#### [Supplied records]
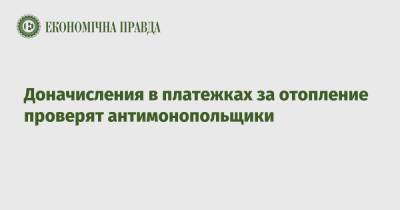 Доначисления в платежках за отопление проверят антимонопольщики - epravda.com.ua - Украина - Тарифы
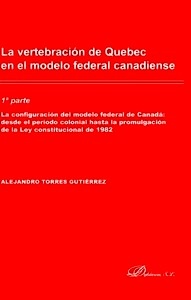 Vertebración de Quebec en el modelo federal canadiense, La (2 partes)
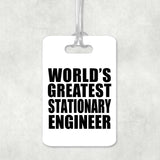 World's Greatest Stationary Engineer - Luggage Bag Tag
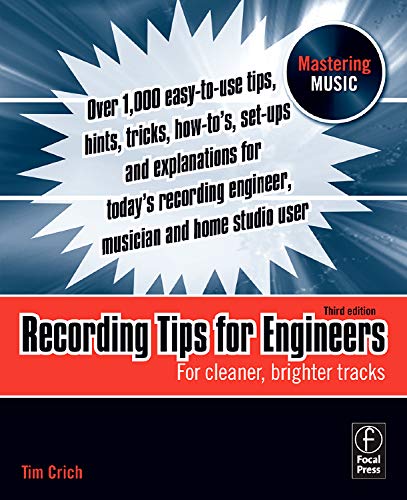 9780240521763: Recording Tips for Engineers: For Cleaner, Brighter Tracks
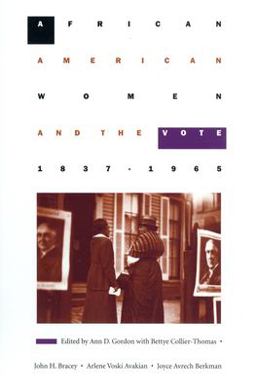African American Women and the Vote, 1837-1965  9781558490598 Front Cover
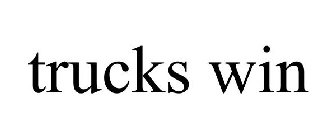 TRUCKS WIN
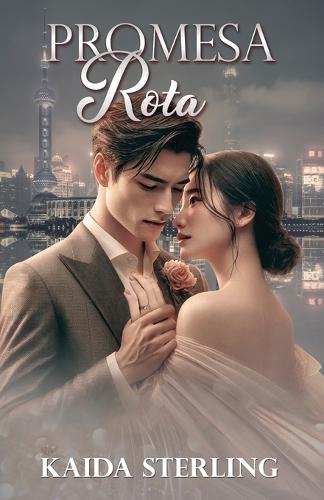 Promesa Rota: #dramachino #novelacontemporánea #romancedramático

...

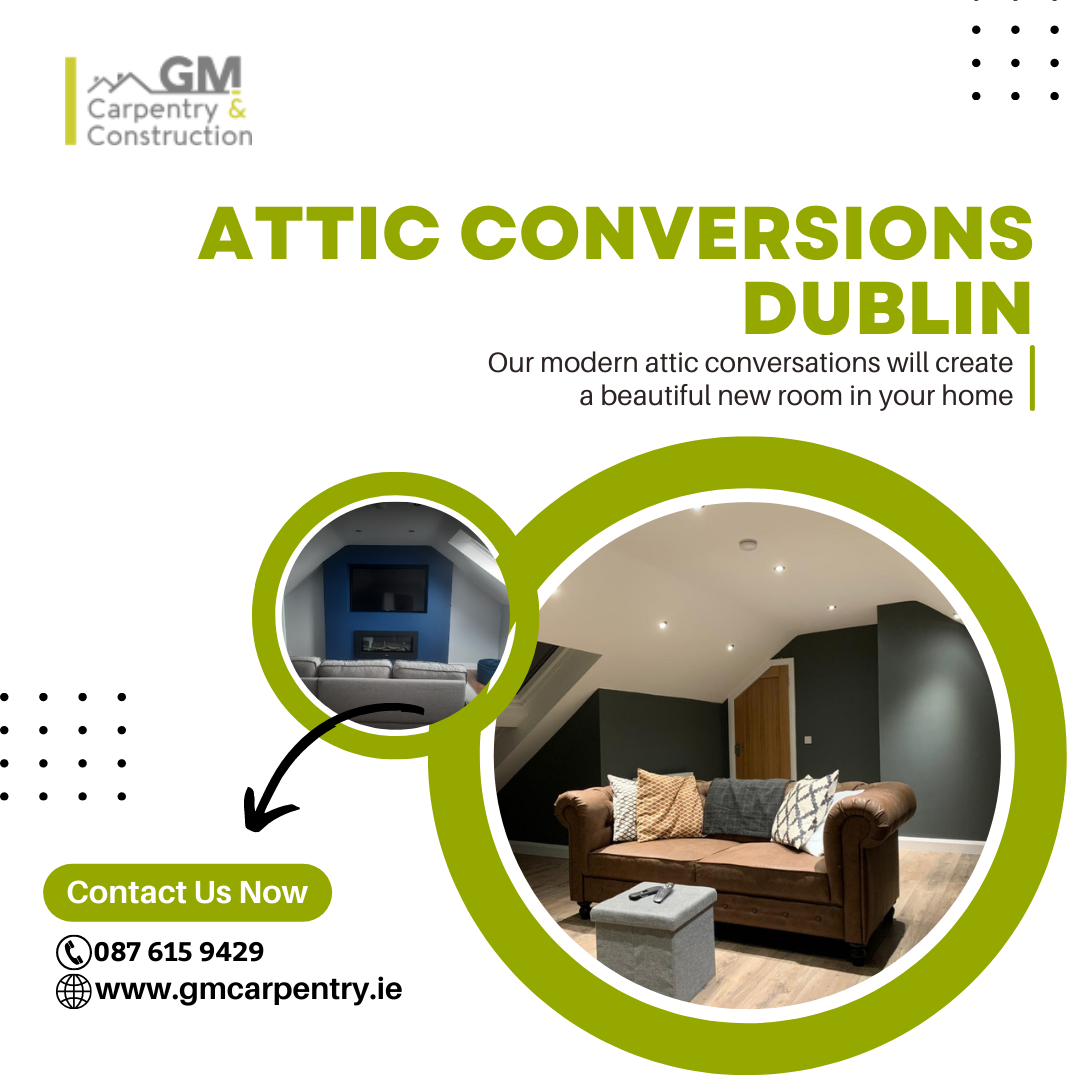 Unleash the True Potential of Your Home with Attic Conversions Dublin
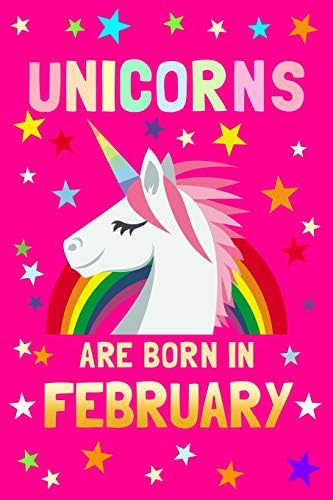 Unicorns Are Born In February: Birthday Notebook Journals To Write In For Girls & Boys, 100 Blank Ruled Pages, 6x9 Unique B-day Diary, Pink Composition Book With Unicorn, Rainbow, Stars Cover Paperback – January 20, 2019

---

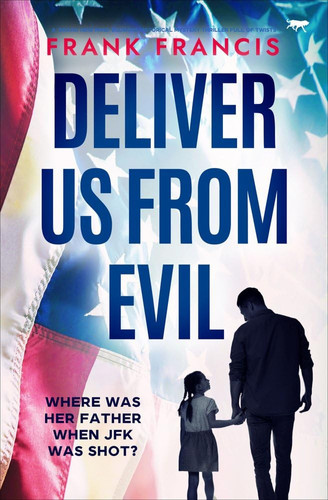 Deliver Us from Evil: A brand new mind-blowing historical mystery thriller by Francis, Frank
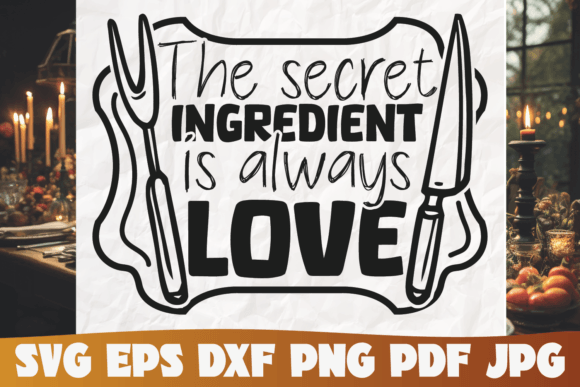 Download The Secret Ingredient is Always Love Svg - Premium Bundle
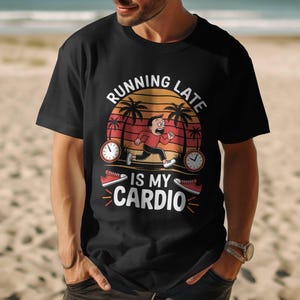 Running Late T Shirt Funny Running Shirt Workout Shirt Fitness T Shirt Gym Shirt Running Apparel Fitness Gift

#### [Task goal]
Quote word for word only the lines above from the one containing "Доначисления в платежках" through the one containing "Promesa Rota: #dramachino". Pictures stay out of your copy.

#### [Reply to the task]
 Доначисления в платежках за отопление проверят антимонопольщики - epravda.com.ua - Украина - Тарифы
 Vertebración de Quebec en el modelo federal canadiense, La (2 partes)
 World's Greatest Stationary Engineer - Luggage Bag Tag
 9780240521763: Recording Tips for Engineers: For Cleaner, Brighter Tracks
African American Women and the Vote, 1837-1965  9781558490598 Front Cover
 TRUCKS WIN
 Promesa Rota: #dramachino #novelacontemporánea #romancedramático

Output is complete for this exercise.